A disgraced official who lost his job over colluding with Nazis is now running Greece’s football federation.

Greece’s national football team has been struggling on the pitch since Fernando Santos led the side to its first ever knockout round at a FIFA World Cup in 2014. Greece, which lost to the Faroe Islands home and away soon after Santos left for Portugal, is hoping to revive its fortunes under ex-Chelsea manager Gus Poyet. Wins at Belfast and Pristina last week might help the once European Champions get promoted out of the UEFA Nation League’s third tier.

Off the pitch, the Hellenic Football Federation — Greece’s FA — has not been faring much better. FIFA imposed a temporary administration in 2016 following accusations of blackmail and fraud. A Greek court found three of the federation’s former presidents guilty of embezzlement. The FIFA Monitoring Committee asked for the “immediate suspension of the HFF from FIFA membership” a few weeks after a club owner took to the pitch with a gun on his hip. The appointment of foreign head referees such as Hugh Dallas and Mark Clattenburg has done little to regain fan trust in domestic competitions.

Theodoros Zagorakis, who once lifted the UEFA Euro 2004 trophy as Greece’s captain, was elected HFF President unopposed in March 2021. Zagorakis, who is also a Member of the European Parliament for Greece’s governing conservatives, resigned a few months later saying it was not yet time for the changes necessary to save Greece’s football.

Last week, HFF elected Takis Baltakos to replace Zagorakis at the top of Greece’s football hierarchy. Baltakos is a lawyer who has represented sports bodies and clubs for the last three decades. He is better known though in Greece as that government official who got sacked over colluding with the Golden Dawn, Greece’s since-proscribed neo-Nazi party.


Back in 2013, Greece was once again governed by the conservative Nea Dimokratia. Baltakos, a senior aide to then-PM Antonis Samaras, was caught on camera telling a Golden Dawn MP that there was “no evidence” against the party in their criminal trial. This video was apparently part of Baltakos’ systematic engagement with the since imprisoned Golden Dawn leadership. Samaras, who denied knowledge of any collusion with the far right, sacked Baltakos, who went on to form two failed nationalist political parties.

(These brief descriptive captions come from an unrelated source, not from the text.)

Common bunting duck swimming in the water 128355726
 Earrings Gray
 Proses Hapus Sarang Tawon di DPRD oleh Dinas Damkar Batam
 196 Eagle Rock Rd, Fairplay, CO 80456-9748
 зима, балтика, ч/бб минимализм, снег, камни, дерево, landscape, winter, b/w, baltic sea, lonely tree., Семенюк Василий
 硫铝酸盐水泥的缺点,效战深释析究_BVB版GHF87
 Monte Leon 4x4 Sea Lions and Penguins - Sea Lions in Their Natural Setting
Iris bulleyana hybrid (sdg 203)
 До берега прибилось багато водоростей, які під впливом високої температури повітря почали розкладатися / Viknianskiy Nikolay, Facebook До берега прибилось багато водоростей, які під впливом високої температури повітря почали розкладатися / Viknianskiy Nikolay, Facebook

Even though he was sacked over that video, Baltakos had made his politics clear while in government. According to a member of Greece’s human rights watchdog, Baltakos said “I am not interested in human rights” and that there was no such thing as racist crimes in Greece. That government’s Justice Minister accused HFF’s new president of blocking antiracist legislation. Baltakos also wondered, in public, “why should opposition to homosexuality be criminalized?”

Banners glorifying genocide and racist abuse targeted at a Liverpool legend are just two examples of Greece’s outright pathetic track record at tackling discrimination in football. Only one professional football club in Greece has celebrated LGBTI rights (and that was only last year). A search on the Greek FA’s website fails to return any mention of the word ‘racism’ since 2009, even though the HFF has since been sanctioned by UEFA for racist fan behaviour.

Under the leadership of a man who believed that migrants ‘taint’ Greek society, let alone thought that racism is not a problem, the HFF is unlikely to do any better.